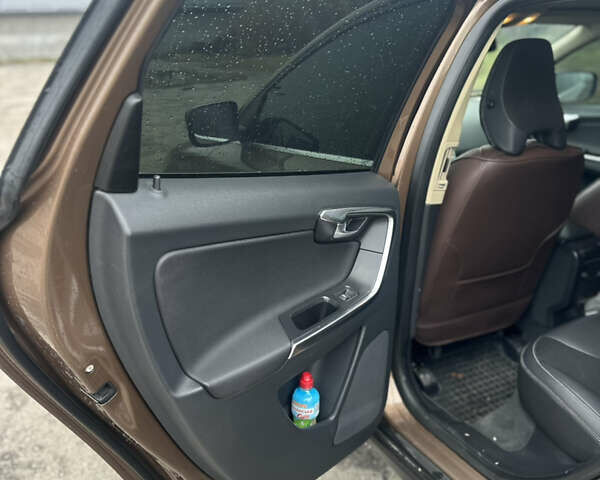 Коричневый Вольво ХС60, объемом двигателя 2.4 л и пробегом 302 тыс. км за 12900 $, фото 23 на Automoto.ua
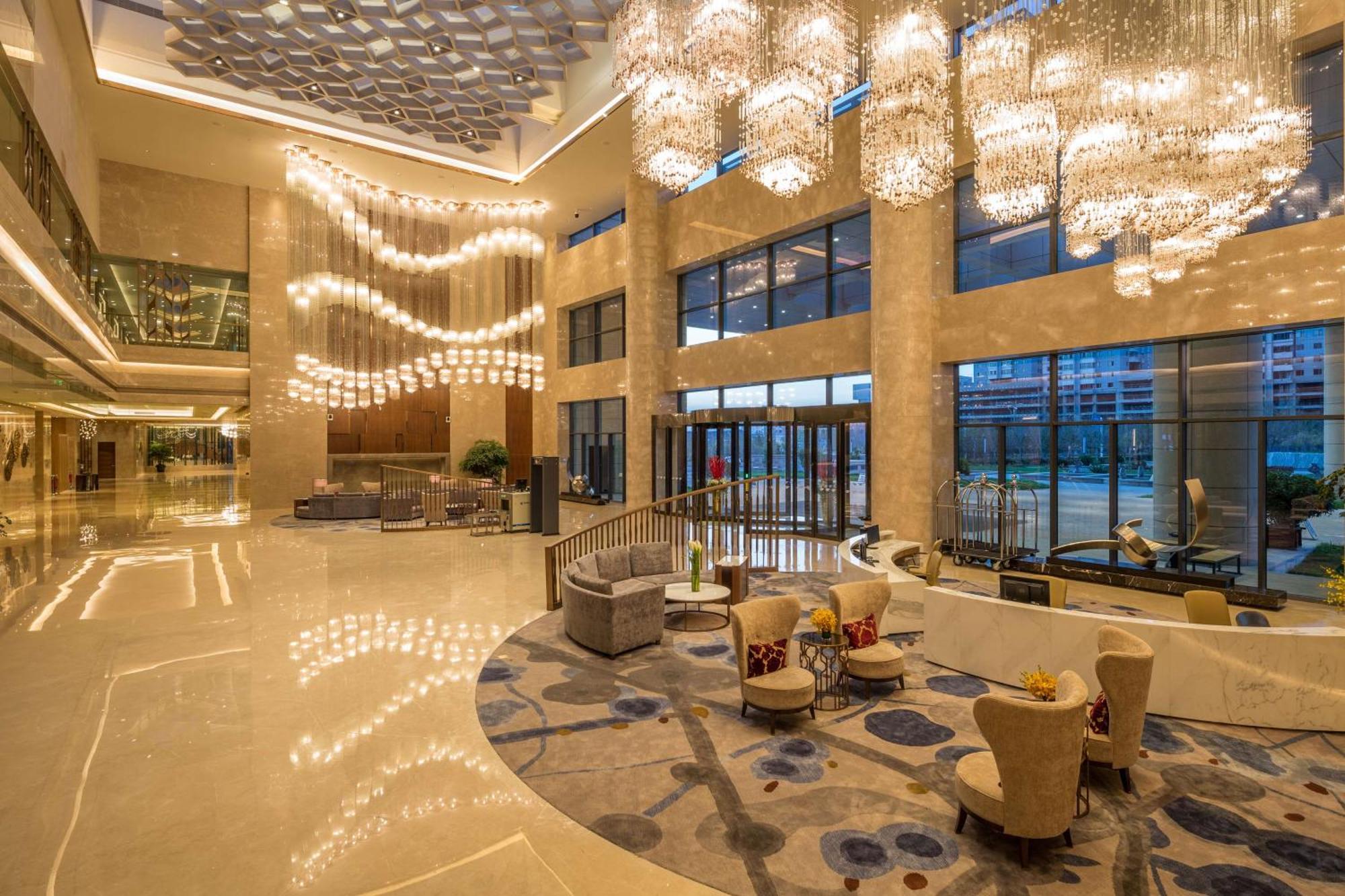 Hilton Urumqi Luaran gambar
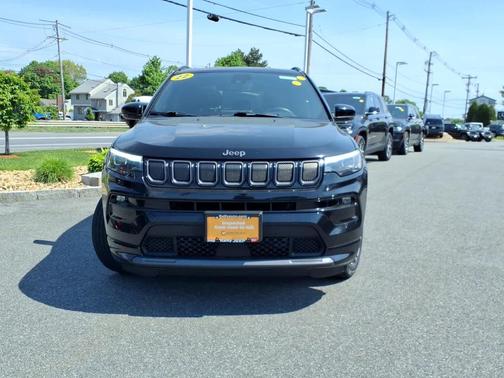 Diamond Black 2022 Jeep Compass Altitude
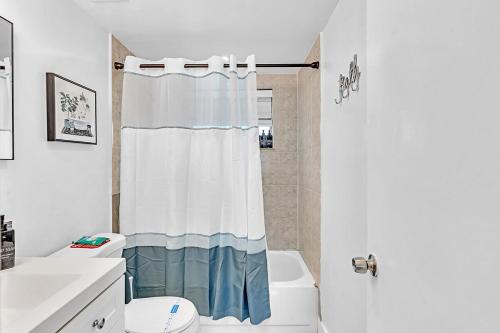 好莱坞Beach And Hard Rock Hollywood Vacation House Ha02的带淋浴帘和卫生间的浴室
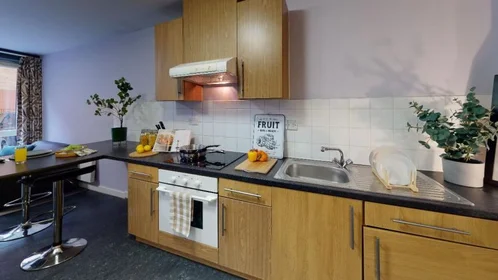 Privatzimmer im Wohnheim in der Cross Chancellor St, Woodhouse, Leeds LS6 2TL, United Kingdom , bild 4 von 19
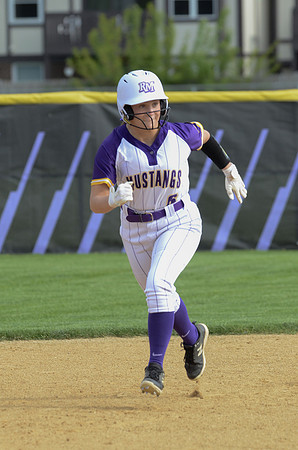 RMHS-2025-Softball_380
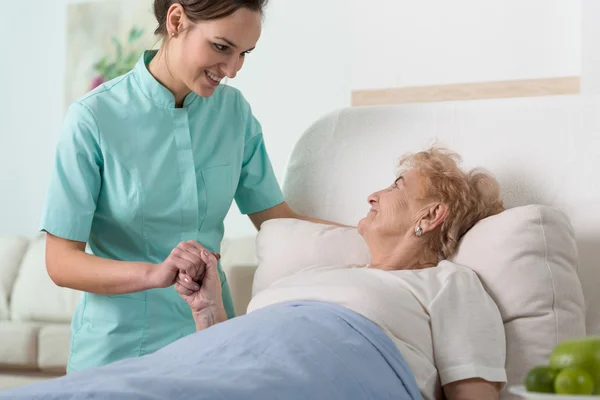 Vrouw in ziekenhuis bed — Stockfoto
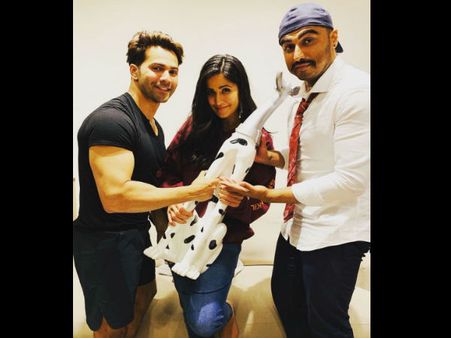 अर्जुन कपूर और वरुण धवन ने कैटरीना कैफ को क्यूं दी ट्रॉफी- जानकर आप भी हो जाएंगे हैरान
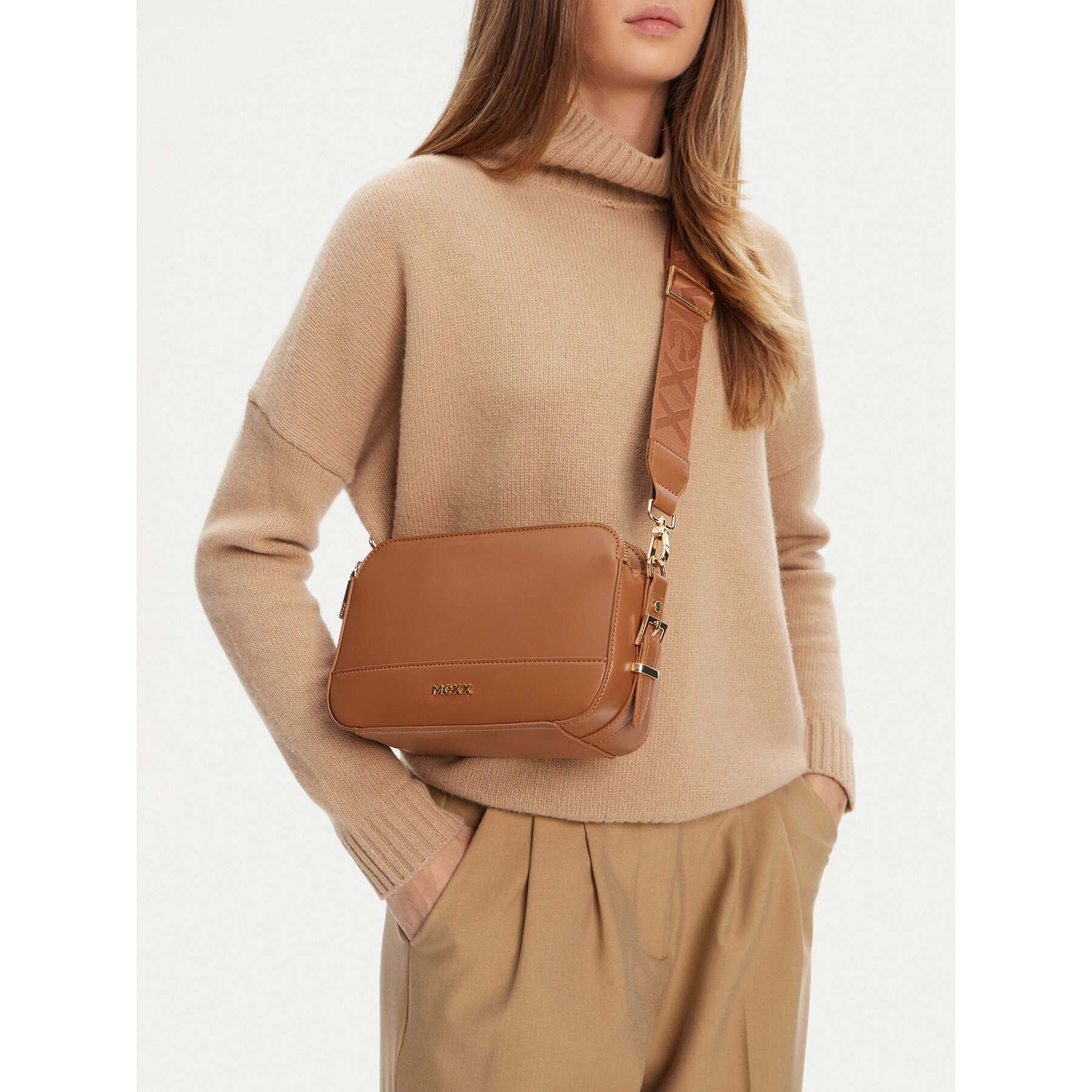 Дамска чанта MEXX CEO-MEXX-S-001-08 Кафяв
====
Your task -> Without the pictures, repeat exactly the lines running from the line containing "RMHS-2025-Softball_380" through the end of the data, both ends included.

Answer box ->
 RMHS-2025-Softball_380
 Vrouw in ziekenhuis bed — Stockfoto
 अर्जुन कपूर और वरुण धवन ने कैटरीना कैफ को क्यूं दी ट्रॉफी- जानकर आप भी हो जाएंगे हैरान
 Дамска чанта MEXX CEO-MEXX-S-001-08 Кафяв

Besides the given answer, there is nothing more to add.